Our previous post presented some of the problems with the current fee-for-service payment model used in healthcare. In response to these costly problems, there are a number of alternative payment models being tested, with promising results. Today we will look at the alternatives that seem to be picking up speed as we move toward reducing our nation's healthcare costs.
Last week we discussed fee-for-service, a costly payment model that has played a huge part in the nation's rising healthcare costs, as well as in the unchecked epidemic of healthcare-associated infections. In this model, the provider is rewarded for low value (excessive services) and poor outcomes (sick patients).
Rewarding the Right Things
One of the major pitfalls of fee-for-service payment is the idea of unintended "perverse incentives," where the model rewards increased services over positive patient outcomes and value.
In value-based payment, a model that comes in different forms, services are paid for in context of patient outcomes and efficiency by rewarding quality care at a predetermined, fixed budget. Under these models, hospitals are motivated to provide excellent care at the lowest cost. The incentive comes in different forms, depending on the model being used.
In these models, the provider can retain part of the savings that come as a result of their efforts at cost reduction. For example, healthcare providers and commercial insurance providers can choose to become part of an accountable care organization (ACO), a Medicare-created shared savings program. Participation in an ACO ties reimbursement to a facility-specific benchmark in quality metrics (such as patient satisfaction scores) as well as value (cost of treatment). The shared-risk model means that the providers stand to receive higher bonuses for greater risk. ACOs, most of which are physician practices rather than hospitals, now cover 32 million Americans, 10% of our population, and are growing. What it means for infection control and prevention: As with all Medicare and many commercial insurance plans, hospital-acquired infections are not reimbursed and therefore represent costs that will compromise the ACO's quality score. Patient satisfaction scores could also be impacted. However, since only 3% of ACOs are hospitals, the impact of infection is still fairly limited.
Under this model, payers provide a set amount of funds per patient/member regardless of whether or not that patient seeks treatment. This model emphasizes prevention, as the physician or practice seeks to keep their patients as healthy as possible. This model places greater financial risk on the healthcare provider, and can lead some practices to avoid taking on sicker or riskier patients. To avoid this, capitation models can be risk-adjusted to place less risk on the provider for taking on sicker patients. What it means for infection control and prevention: Funds could conceivably be used to pay for hospital-acquired infections, but when the funds run out, the provider is responsible for all remaining costs. This means there will be greater incentive to prevent all kinds of avoidable harm, including infections.
In this model, the payer and the provider determine the cost of certain health conditions, from onset to end of treatment (an "episode of care") such as a joint replacement surgery. That amount sets a limit to the payment, but not the treatment, so the hospital carries the burden of extended hospital stays due to avoidable complications (including infection). Hospitals can retain excess funds if they are able to provide positive outcomes under budget. Another aspect of bundled payments is that one provider receives the entire lump sum and distributes it to other facilities as needed for specific procedures. This rewards efficient communication between providers, reducing duplication, and shares incentive to use funds wisely. What it means for infection control and prevention: Costs related to hospital-acquired infections are not part of the lump sum, so all costs for infection are shouldered by the healthcare providers.

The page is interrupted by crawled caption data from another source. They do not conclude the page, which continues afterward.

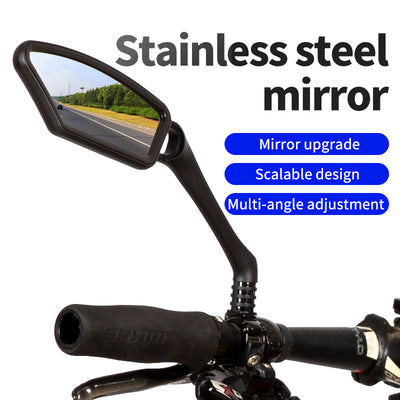 Bike Rearview Mirror (1 pair)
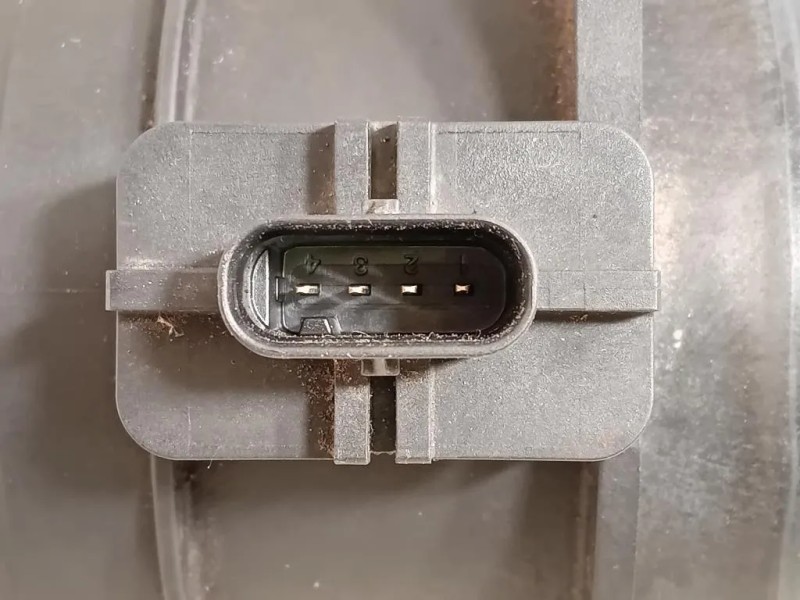 Misuratore Massa ARIA 00C 2G8 010 Iveco Daily S II 2007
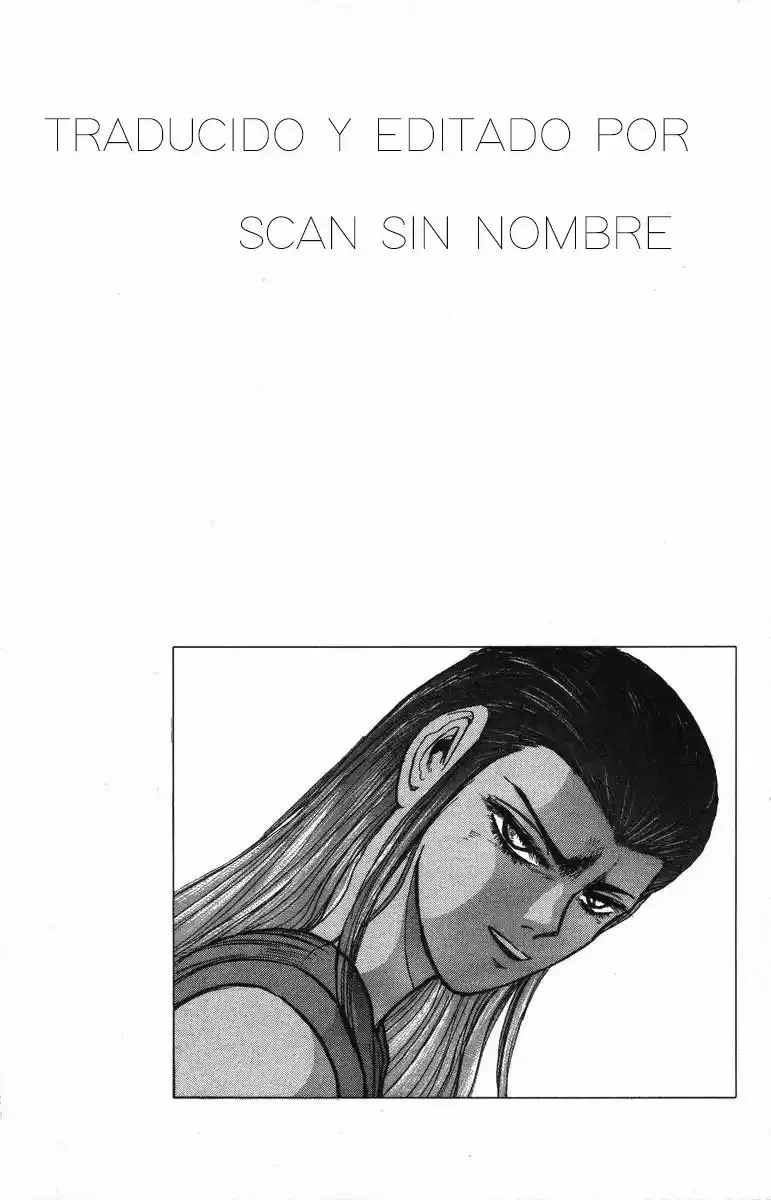 ¡La Pandilla del Amor Puro de Shonan! Capítulo 117 - página 23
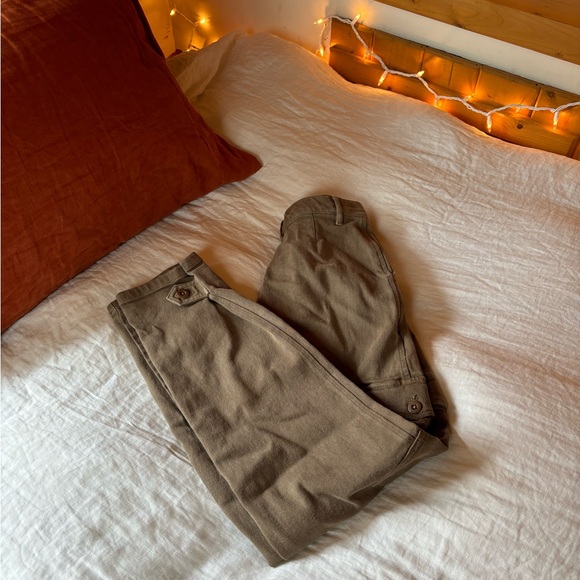 Wilfred Pants - Wilfred Free Brown Cargo Pants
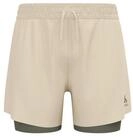 Odlo Laufshorts Zeroweight 5in 2in1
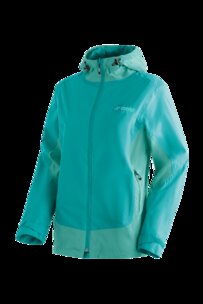 Outdoorjacken Brocken W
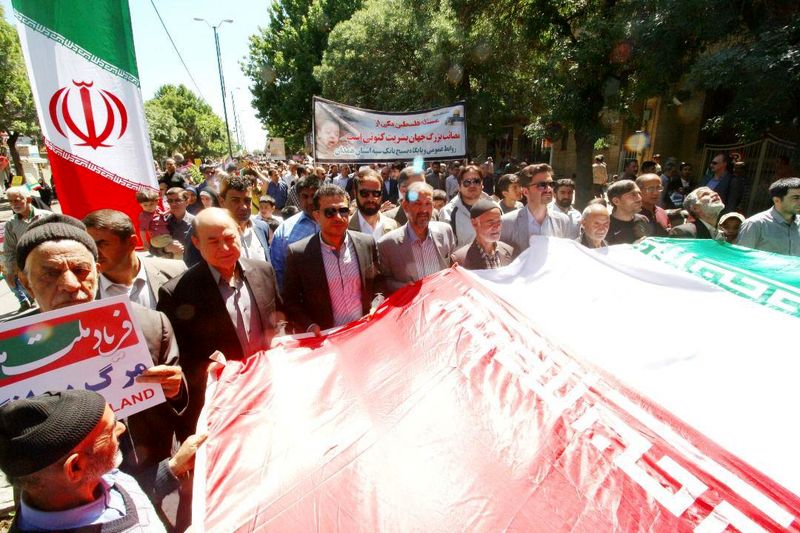 آمریکا، هیچگاه قابل اعتماد نبوده است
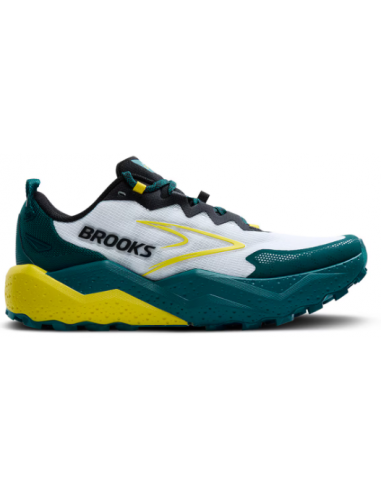 BROOKS CALDERA 8 HOMBRE TRAIL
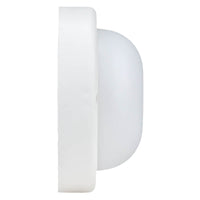 Major Tech 1080 Lumens 12W Oval LED Bulkhead | MBHA-12C - image 1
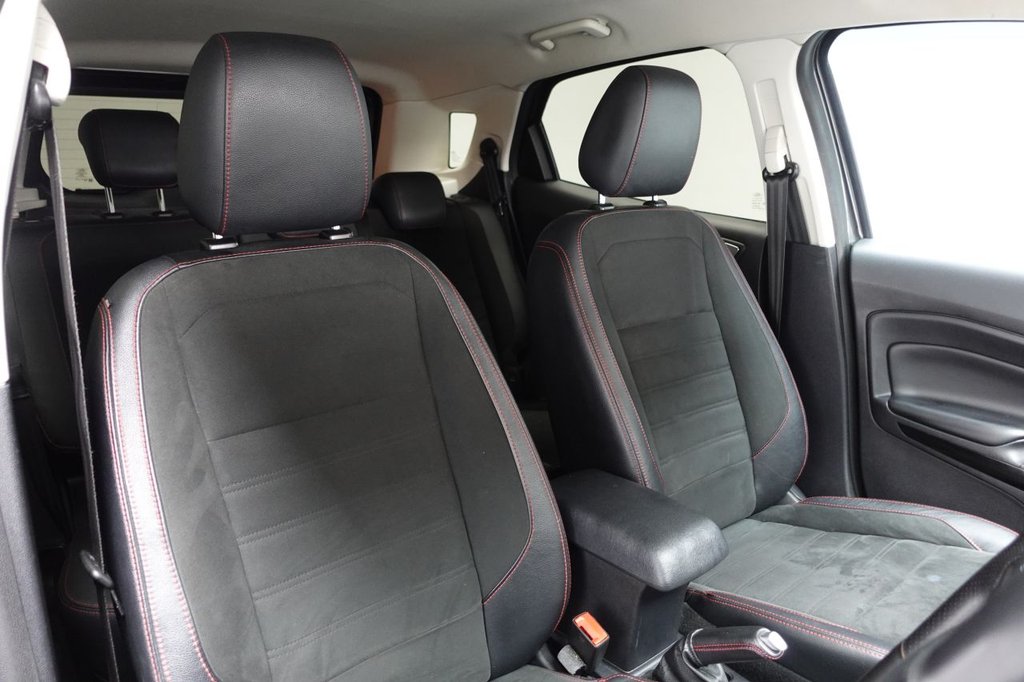 2018 Ford EcoSport — image 3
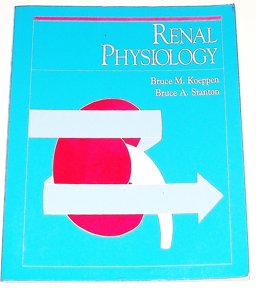 Renal Physiology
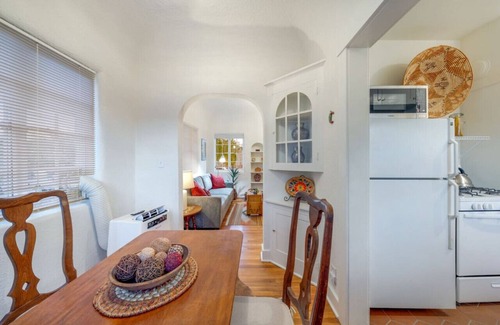 West University House | Desert Bloom/Blocks from U of A/1 BR 1 BA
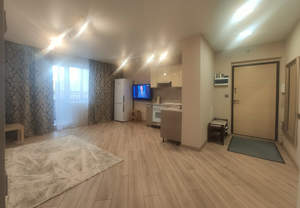 2-к квартира, вторичка, 58м2, 9/18 этаж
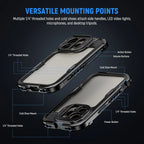 iPhone Series - Neewer Phone Cage Kit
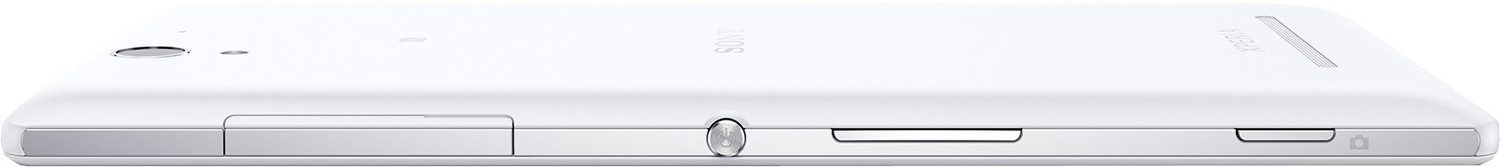 Image of SONY Xperia C3 (Snow White, 8 GB)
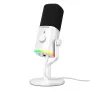 MAONO PD100X Micrófono Dinámico (Blanco) - USB-C y XLR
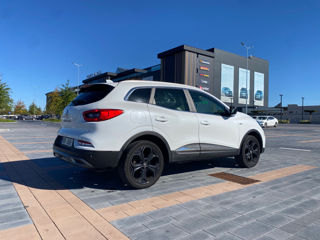 Renault Kadjar foto 9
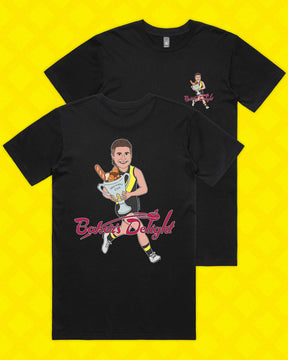 BAKER'S DELIGHT TEE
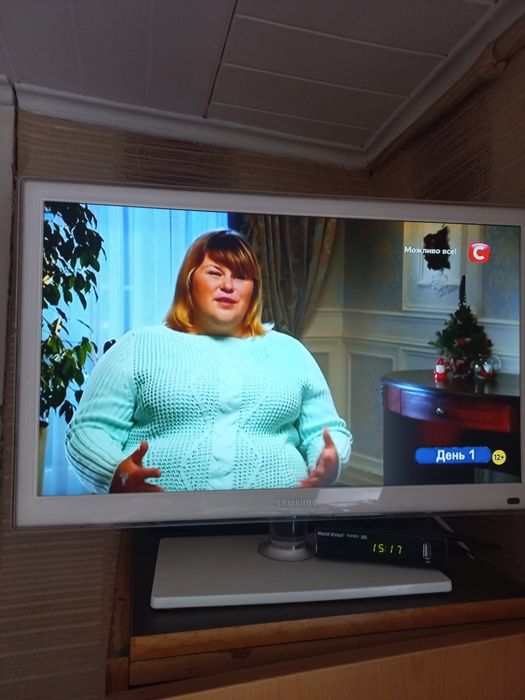 Продам LED TV Samsung. .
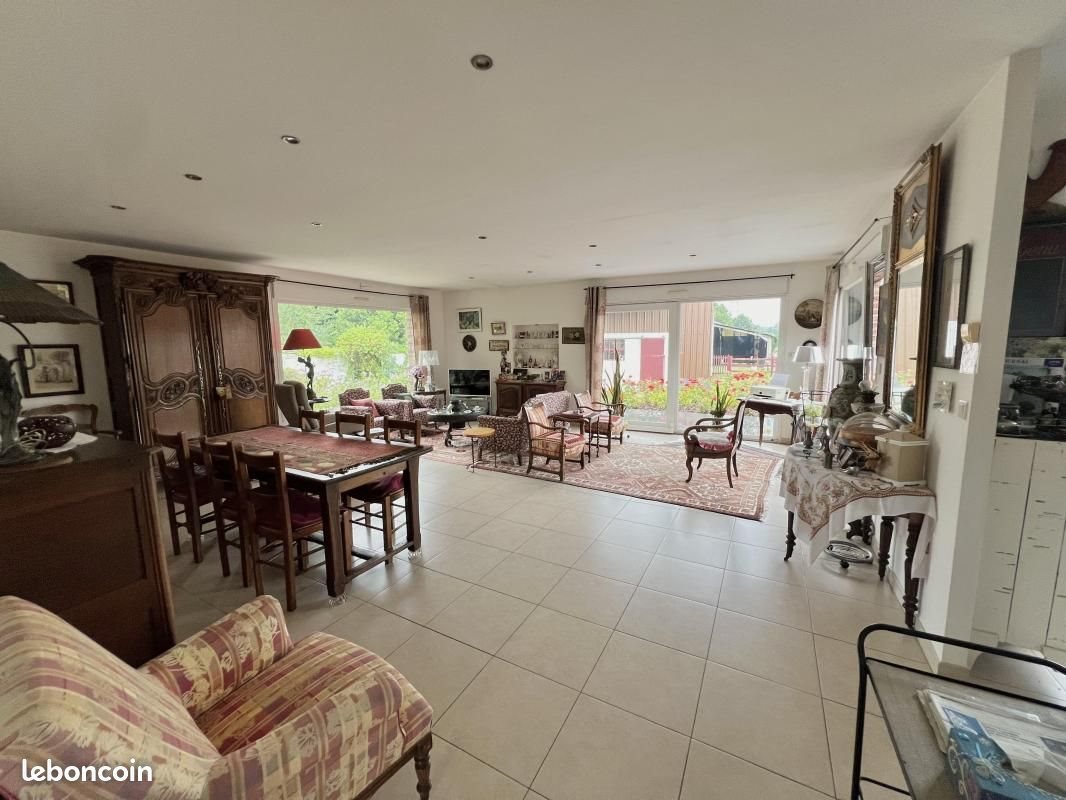 Maison à vendre, 157m², Bellaing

The issue of rising costs in healthcare affects us all, both as patients and taxpayers. Unfortunately, the road to extricating healthcare from the fee-for-service model will take a lot of work. Providers have to conduct cost-analyses to learn how they are spending money, a task that requires time, expertise, and advanced IT infrastructure. Healthcare practitioners, from small practices to large hospital campuses, will have to learn how to work together, to share records and accounting systems, and coordinate patient care efficiently. Moving towards these alternative payments models will reduce healthcare costs without having to resort to a "hatchet approach to cost reduction by mandating arbitrary cuts across departments." As improvements in infection control demonstrate, shifting incentives towards reduced costs can make a difference in both the quality and value of medical care.